De nouveaux métiers d’intérêt général
« Bataille pour l’emploi », « inverser la courbe du chômage » … Arlésienne de la vie politique nationale post-Trente Glorieuses, le retour du plein-emploi figure à nouveau en bonne position sur la feuille de route de l’actuel Exécutif. Mais en cinquante ans, bien des choses ont changé. Les opportunités économiques d’abord : 85 % des emplois de 2030 n’ont pas encore été créés, les nouvelles technologies se hissant largement en tête des domaines d’avenir. Les contraintes ensuite : désormais « la maison brûle » un peu plus chaque été, les ressources rares n’ont jamais si bien porté leur nom, le tout dans un contexte extérieur incertain et une situation intérieure de fractures territoriales. Opportunités et contraintes prenant place dans une même équation, le plein-emploi ne doit en conséquence plus être recherché pour lui-même, et son retour ne constituera nullement un critère de succès, une fin en soi. Plus qu’avant, la politique de l’emploi doit devenir un moyen de répondre efficacement aux impératifs sociétaux d’aujourd’hui et de demain, en accompagnant toutes les transitions : écologique, énergétique, territoriale et numérique. En ce sens, il est urgent d’orienter nos efforts vers les nouveaux métiers d’intérêt général et de valoriser les professions œuvrant directement à l’établissement d’un modèle socio-économique plus soutenable et durable.

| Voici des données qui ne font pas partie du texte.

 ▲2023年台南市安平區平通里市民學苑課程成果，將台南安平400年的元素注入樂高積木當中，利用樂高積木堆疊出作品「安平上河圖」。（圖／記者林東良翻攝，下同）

Cela posé, opportunité et contrainte ne s’avèrent pas irrémédiablement antinomiques. C’est même tout l’art des entrepreneurs que celui de savoir marier les deux, de faire d’une contrainte une opportunité. Et fort heureusement, le terrain actuel est fertile. Selon l’Agence de l’environnement et de la maîtrise de l’énergie (Ademe), les réponses à apporter à l’urgence climatique créeront 540 000 emplois en 2030 et jusqu’à 900 000 d’ici 2050, principalement dans la rénovation énergétique des bâtiments, les énergies renouvelables, l’agritech et l’économie circulaire. Le numérique, eldorado de l’innovation, n’est pas en reste : sur les 530 000 emplois existants, 80 % sont des postes de cadre et 93 % sont des CDI. Le ministère du Travail ne prévoit rien moins que 115 000 créations nettes de postes d’ingénieur en informatique d’ici 2030, pour répondre aux enjeux de la cybersécurité, de l’intelligence artificielle et du big data. Or, nos réponses à ces enjeux prioritaires sont actuellement insuffisantes, en particulier celle de la rénovation thermique des logements, reconnue bien trop lente par l’Ademe. Face à l’urgence, il appartient donc à l’ensemble des acteurs publics et privés de l’emploi de se mobiliser en faveur de ces secteurs prioritaires, en capitalisant pour cela sur la différenciation et la spécialisation territoriales.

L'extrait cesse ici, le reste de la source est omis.